В очерке о новом нефтеносном районе упоминается еще не положенное на карту озеро Ырын-Лор.

Приведенные здесь слова имеют столь узкое этнографическое или цеховое значение, что их почти невозможно найти в большинстве доступных словарей и справочников. Нередко встречаются и факты, достоверность которых целиком ложится на совесть того, кто их приводит в печати (в первую очередь это относится к авторам мемуаров). В литературе бывали прецеденты, когда источник, использованный одним автором, позднее оказывался безвозвратно утраченным или недоступным для проверки.

Да, не скроем, что затруднения возможны на каждом шагу. Но допустимо ли преждевременно складывать свое оружие?! В наиболее критических обстоятельствах нет лучшего выхода, чем объяснить автору, публикатору или составителю сборника, что им придется взять на себя львиную долю забот о точности издания.

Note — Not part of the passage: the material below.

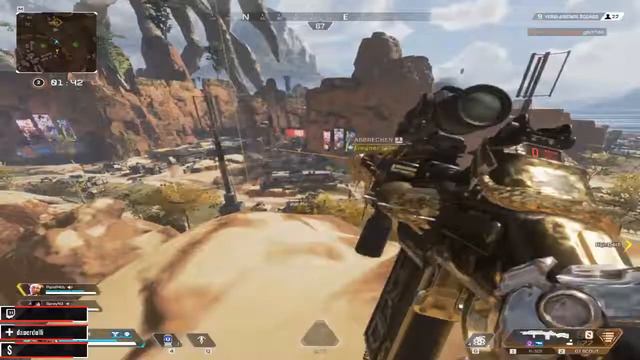 TEST 4: 3 IN APEX-LEGENDEN GESTRECKT! German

Впрочем, осмотрительным авторам незачем об этом и напоминать. Со слов типографских старожилов мы знаем, что, например, такой именитый автор, как академик Е.Ф. Карский, умудренный в печатном деле, дневал и ночевал в типографии Академии наук, когда сходили с машины листы его капитального труда «Белорусы». Ученый пестовал и оберегал от нечаянного искажения каждый крохотный печатный знак среди десятков тысяч букв с хитрыми акцентами и седилями. Евфимий Федорович знал, что в торжественный момент рождения книги (да какой — труда всей его жизни!) ничей глаз не заменит собственного.

На страницах этой главы мы рассмотрели около ста примеров, представляющих, как мы думаем, наиболее типичные опечатки и ошибки в тексте. Сама «кучность» выставленных на ваше обозрение промахов подтверждает, что это не частные случаи, а массовое явление. Добавим, что в «запасниках» осталась большая часть собранных материалов.

Вероятно, читатели убедились, что при всей многоли-кости ошибок большинство их имеет резко выраженные «видовые приметы». Это и позволяет положить начало их систематизации и классификации.